JV, IFC The government is really stepping up on power. We’ve done a detailed long-term plan, supported by the ADB and the World Bank, and we are looking at how to address shorter-term power issues that could involve creating mini-grids across the country, powered by gas off-take or by hydro. The process will take 15 to 20 years to complete, but we are addressing the issues.
PB, INA The future has to be hydro. There is so much untapped potential in Papua New Guinea’s rivers, but solar is already lighting up remote villages and businesses; and as costs fall, the on-grid and off-grid use of solar power will spread. When the Institute of National Affairs runs surveys in business communities, adequate, affordable and reliable power is always identified as a major constraint.
That was a major development we saw at the 2018 APEC Summit, with the US, Australia, New Zealand and Japan committing to supporting power generation. The best way forward in such a large and geographically challenging country, is to localize power generation, utilizing solar and hydro and other local means.
Euromoney APEC also highlighted another fact: that the south Pacific has become geo-politicized again, for the first time in decades.
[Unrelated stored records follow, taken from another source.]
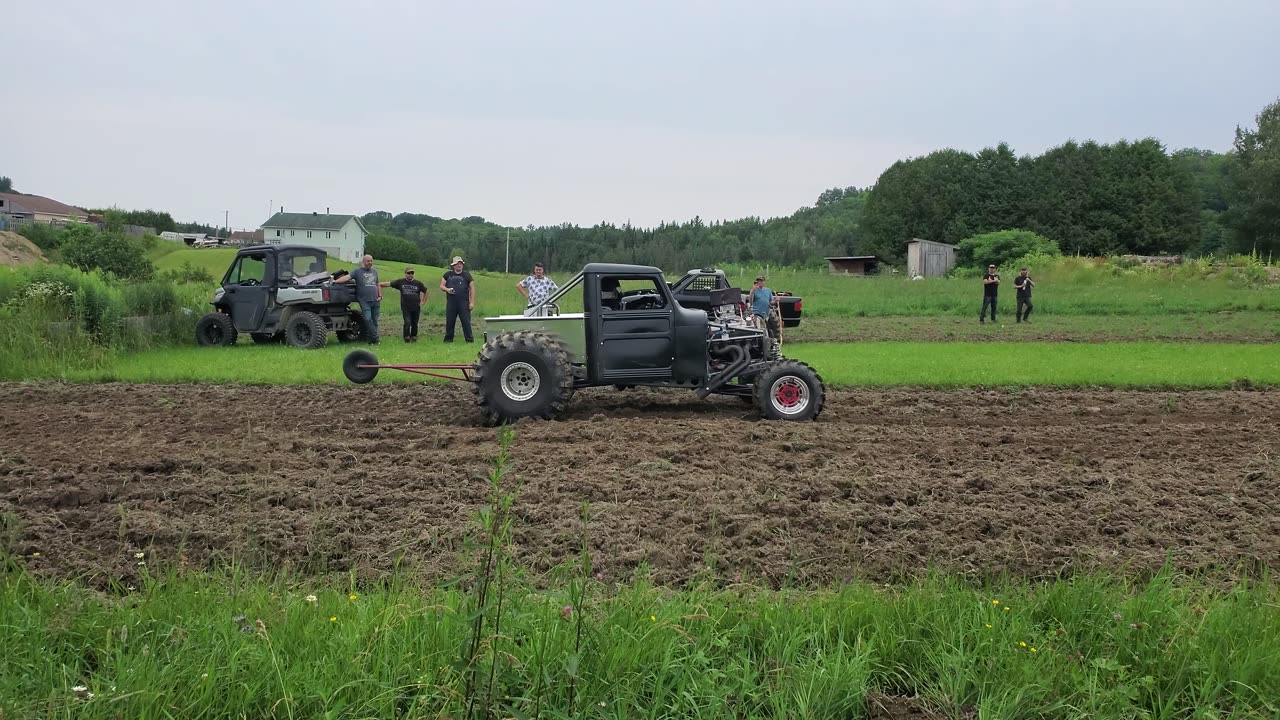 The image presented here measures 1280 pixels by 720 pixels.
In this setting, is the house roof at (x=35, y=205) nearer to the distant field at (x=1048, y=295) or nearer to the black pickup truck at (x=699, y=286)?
the distant field at (x=1048, y=295)

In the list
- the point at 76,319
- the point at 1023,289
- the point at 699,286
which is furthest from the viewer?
the point at 1023,289

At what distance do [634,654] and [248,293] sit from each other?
17347 mm

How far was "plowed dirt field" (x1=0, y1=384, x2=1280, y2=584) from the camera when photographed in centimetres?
581

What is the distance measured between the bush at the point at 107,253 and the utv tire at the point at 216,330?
27602mm

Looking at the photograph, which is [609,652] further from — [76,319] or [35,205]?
[35,205]

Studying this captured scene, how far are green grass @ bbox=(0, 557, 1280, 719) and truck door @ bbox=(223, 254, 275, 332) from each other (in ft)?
50.3

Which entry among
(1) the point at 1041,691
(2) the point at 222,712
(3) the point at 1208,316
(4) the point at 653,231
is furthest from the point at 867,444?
(4) the point at 653,231

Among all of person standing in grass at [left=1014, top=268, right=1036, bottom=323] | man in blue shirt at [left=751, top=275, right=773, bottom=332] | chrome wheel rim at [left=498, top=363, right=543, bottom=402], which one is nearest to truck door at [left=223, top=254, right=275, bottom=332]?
man in blue shirt at [left=751, top=275, right=773, bottom=332]

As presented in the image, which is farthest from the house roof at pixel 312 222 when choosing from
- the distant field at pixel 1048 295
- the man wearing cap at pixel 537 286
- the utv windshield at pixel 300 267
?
the man wearing cap at pixel 537 286

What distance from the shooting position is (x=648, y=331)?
419 inches

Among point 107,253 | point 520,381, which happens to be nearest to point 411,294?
point 520,381

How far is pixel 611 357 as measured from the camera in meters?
10.6

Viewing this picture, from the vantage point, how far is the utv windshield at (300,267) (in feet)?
63.2

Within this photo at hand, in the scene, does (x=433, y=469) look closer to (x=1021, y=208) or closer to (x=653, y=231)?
(x=1021, y=208) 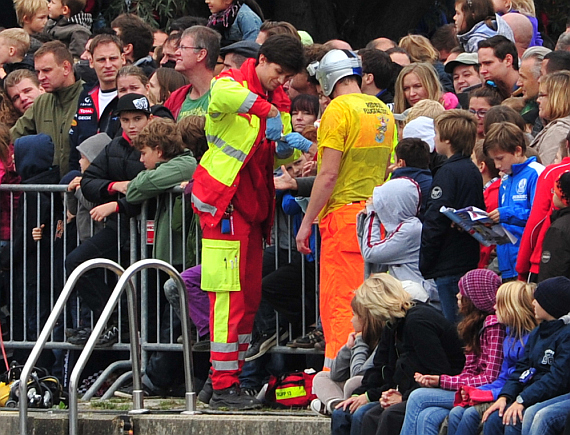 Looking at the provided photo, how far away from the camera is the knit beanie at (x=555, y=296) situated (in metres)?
6.70

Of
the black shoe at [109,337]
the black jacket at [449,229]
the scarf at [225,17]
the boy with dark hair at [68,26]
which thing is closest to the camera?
the black jacket at [449,229]

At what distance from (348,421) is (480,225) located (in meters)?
1.38

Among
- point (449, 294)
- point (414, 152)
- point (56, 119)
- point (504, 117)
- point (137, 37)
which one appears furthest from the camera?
point (137, 37)

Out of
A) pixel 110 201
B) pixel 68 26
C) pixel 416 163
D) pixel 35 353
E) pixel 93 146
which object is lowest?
pixel 35 353

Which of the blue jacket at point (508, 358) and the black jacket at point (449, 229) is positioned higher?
the black jacket at point (449, 229)

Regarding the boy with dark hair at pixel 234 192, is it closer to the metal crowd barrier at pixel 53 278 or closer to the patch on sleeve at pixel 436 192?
the metal crowd barrier at pixel 53 278

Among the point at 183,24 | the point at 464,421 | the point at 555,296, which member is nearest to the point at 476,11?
the point at 183,24

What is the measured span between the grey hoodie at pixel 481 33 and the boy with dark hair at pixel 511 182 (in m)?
3.17

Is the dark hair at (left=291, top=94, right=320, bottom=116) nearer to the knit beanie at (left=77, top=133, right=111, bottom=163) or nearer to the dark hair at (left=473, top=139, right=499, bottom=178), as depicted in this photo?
the knit beanie at (left=77, top=133, right=111, bottom=163)

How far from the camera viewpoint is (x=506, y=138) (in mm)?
7875

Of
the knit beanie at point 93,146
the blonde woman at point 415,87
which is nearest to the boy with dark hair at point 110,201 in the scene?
the knit beanie at point 93,146

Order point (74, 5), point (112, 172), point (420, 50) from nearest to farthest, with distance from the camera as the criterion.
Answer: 1. point (112, 172)
2. point (420, 50)
3. point (74, 5)

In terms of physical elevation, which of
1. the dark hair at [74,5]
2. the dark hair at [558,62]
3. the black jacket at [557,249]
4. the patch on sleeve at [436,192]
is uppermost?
the dark hair at [74,5]

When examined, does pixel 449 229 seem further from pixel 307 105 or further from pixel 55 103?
pixel 55 103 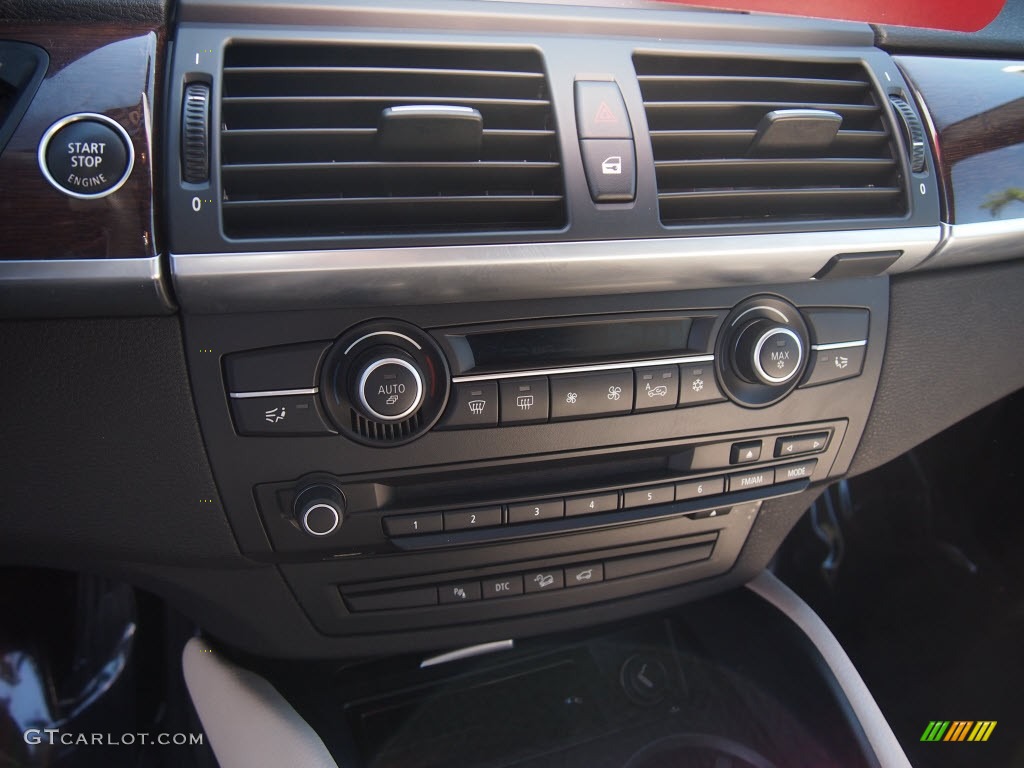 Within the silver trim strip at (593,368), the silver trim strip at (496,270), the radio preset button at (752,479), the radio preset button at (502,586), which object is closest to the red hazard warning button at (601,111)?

JP, LI For more than seven decades in fact. Critical partners, notably Australia, have neglected the region for some time and are now racing to offset the strategic advantage held by new partners like China. That came to a head at APEC, where we took ourselves out of our comfort zone by making a huge financial, nation-building commitment to PNG. We don’t usually think and act like that as a country, so that was a really big takeaway from APEC.
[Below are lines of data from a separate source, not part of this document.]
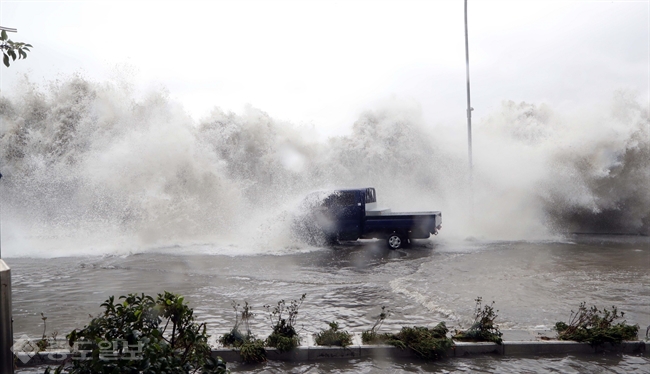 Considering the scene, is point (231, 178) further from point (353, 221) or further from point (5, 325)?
point (5, 325)

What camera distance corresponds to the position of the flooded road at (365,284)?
7625 mm

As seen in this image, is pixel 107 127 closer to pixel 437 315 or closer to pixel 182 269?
pixel 182 269

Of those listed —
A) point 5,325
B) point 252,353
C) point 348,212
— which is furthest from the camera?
point 348,212

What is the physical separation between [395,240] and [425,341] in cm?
940

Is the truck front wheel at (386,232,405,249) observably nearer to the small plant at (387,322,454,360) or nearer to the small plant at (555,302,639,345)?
the small plant at (555,302,639,345)

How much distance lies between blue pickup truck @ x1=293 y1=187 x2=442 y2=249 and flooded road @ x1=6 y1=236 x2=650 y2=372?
53 cm

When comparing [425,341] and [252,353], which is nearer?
[252,353]

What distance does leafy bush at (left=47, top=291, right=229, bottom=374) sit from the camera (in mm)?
2891

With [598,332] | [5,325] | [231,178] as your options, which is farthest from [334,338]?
[231,178]

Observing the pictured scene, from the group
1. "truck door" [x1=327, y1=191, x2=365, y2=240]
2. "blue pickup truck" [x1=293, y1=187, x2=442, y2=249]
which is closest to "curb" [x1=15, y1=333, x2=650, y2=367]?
"blue pickup truck" [x1=293, y1=187, x2=442, y2=249]

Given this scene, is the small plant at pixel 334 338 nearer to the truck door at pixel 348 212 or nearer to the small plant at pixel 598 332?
the small plant at pixel 598 332

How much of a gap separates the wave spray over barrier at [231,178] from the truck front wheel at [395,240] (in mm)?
2914

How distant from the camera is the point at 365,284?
33.6ft

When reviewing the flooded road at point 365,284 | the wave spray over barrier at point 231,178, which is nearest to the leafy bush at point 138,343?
the flooded road at point 365,284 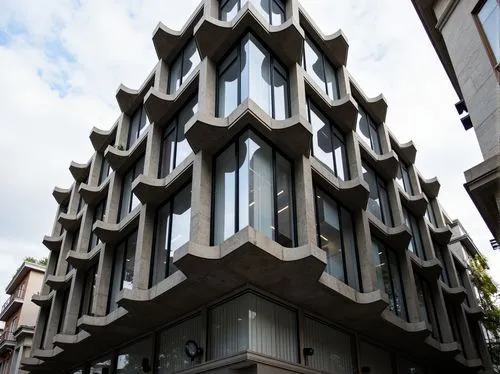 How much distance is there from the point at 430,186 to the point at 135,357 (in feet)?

Euromoney When you say ‘we’, what do you mean?
JP, LI The Australian government but also New Zealand and the US. We wouldn’t have come together to make a multi-billion-dollar, nation-building commitment without APEC being in town, and without the need to compete against China for control of the region. Australia is building a new undersea cable connecting Australia with Papua New Guinea and the Solomon Islands.
The quality of the internet is very poor here and the cost of telecommunications is exorbitant, and the current cable that connects PNG to the outside world is 20 years old and over capacity, and could fall over at any minute. Australia stumped up most of the funding to deliver the new cable; we did it basically in order to stop China’s Huawei from building the cable and controlling critical communications connecting PNG with Australia.
WK, ANZ There is some nervousness about not understanding China well and about their expansionist agenda. The competition between China and the West and Australia is helpful as it creates an opportunity for PNG to bring in expertise and capital. But China has been here only recently and it has changed so many things literally overnight.
Euromoney Has the high cost of telecoms and a low mobile penetration rate helped or hindered the roll out of new financial services?
MB, ANZ Desktop internet banking is limited in penetration, partly due to cost and partly because most people now use mobile banking services. Technology is helping PNG to leapfrog the normal process of development, which isn’t different from other emerging markets.
PB, INA If we can slash the cost of doing business in PNG, aided by the new Australia-PNG fibre-optic cable, which is due for connection in late 2019, we can channel faster and more affordable services to the rest of the country, unlocking new opportunities. In particular, delivering digital education services direct to rural areas, where education standards are poor, will benefit the economy and society.
JP, LI And better digital communication will enable teachers to access their monthly pay in remote areas, increasing the efficiency of schooling. Some teachers walk two days in each direction just to cash their pay cheque, so that’s four days each month when they are not in the classroom.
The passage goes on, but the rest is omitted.